Like other members of the brassica family, romanesco is high in vitamin K, vitamin C, calcium, carotenoids, lutein, iron, zinc, folate, and cholesterol-lowering dietary fiber. Romanesco is also rich in sulfur and nitrogen-containing compounds, which are precursors to glucosinolates and thiocyanates. Glucosinolates form a variety of compounds that act as antioxidants, naturally cleansing kidneys, and supporting liver health and detoxification. Research has found that these molecules reduce inflammation, clear free radicals, boost the immune system, promote healthy skin, have antifungal and antibacterial properties, and help slow tumor growth and fight off cancer.
Romanesco is a winter vegetable and is as easy to grow as normal broccoli or cauliflower. It has a sweet, mild, and nutty flavor, and is perfectly roasted, steamed, sauteed, in a stir-fry, in soups, curries, in a quiche, or simply eaten raw. Make sure to not overcook it, as it will lose a lot of its flavor and get an unpleasant mushy texture.
Ingredients:
1 head of romanesco, broken into large bite-size pieces
3 medium garlic cloves, chopped
virgin olive oil
salt and pepper
1 garlic clove (crushed)
1 small serrano chili
1 lemongrass
1 cm fresh ginger root (finely chopped)
1 tablespoon turmeric (fresh and chopped or powdered)
1 tablespoon fresh galangal root (finely chopped)
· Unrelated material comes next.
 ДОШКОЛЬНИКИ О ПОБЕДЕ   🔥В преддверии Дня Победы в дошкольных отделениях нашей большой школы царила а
3-4 lime leaves (fresh or frozen)
1 can of full-fat coconut milk
1 cup roasted cashews
1 lime
1 cup of fresh coriander leaves
1 cup of fresh pineapple (cut into bite-size pieces)
salt and pepper
cooked rice or other grain of your choice
Preparation:
Preheat the oven to 200 °C (392 F). Peel the leaves off the bottom of the romanesco, rinse it, and cut up the florets into bite-sized pieces. Dry the florets with a kitchen towel and put them on a baking sheet lined with parchment paper. Toss with chopped garlic, olive, oil salt, and pepper and mix well. Bake for about 30 minutes, until golden and still crunchy.
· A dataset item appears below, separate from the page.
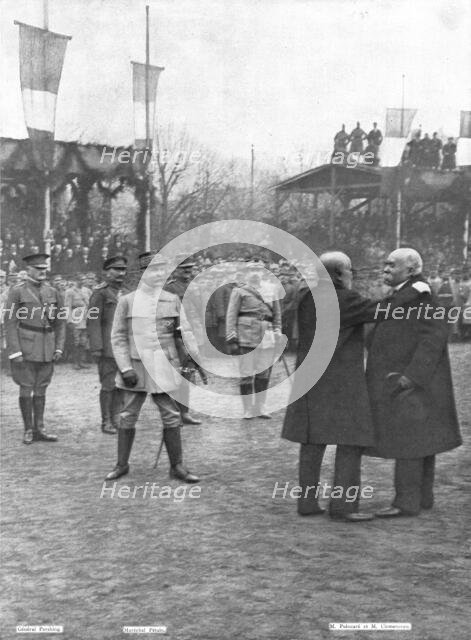 'L'Accolade de Metz; L'emouvante etreinte des deux presidents sur l'esplanade de Metz', 1918. Creator: Unknown.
In the meanwhile prepare the curry. In a medium saucepan over medium heat add coconut oil, then add sliced onion and cook until caramelized (for about 10 minutes), add garlic and saute for a few more minutes until it becomes fragrant. Add de-seeded serrano chili (depending on how hot you like your curry, add to your liking or omit completely), ginger, turmeric, and galangal. Crush lemongrass and lime leaves in a mortar (or cut finely) and add to the pot. Pour in the full-fat coconut milk and cook for a few minutes (do not boil). Add salt and pepper, taste, and adjust the seasonings. Strain the mixture over a mesh sieve and discard the solids.
In a separate pan roast the cashews until brown and crunchy. Cut the fresh pineapple into bite-size pieces.
Transfer baked romanesco to plates or bowls, pour over some curry sauce, add cashews, and pineapple on top, and garnish with fresh coriander leaves. Add some freshly squeezed lime juice or add a wedge of lime on the side of the dish. Serve with freshly cooked basmati rice or other grains of your choice.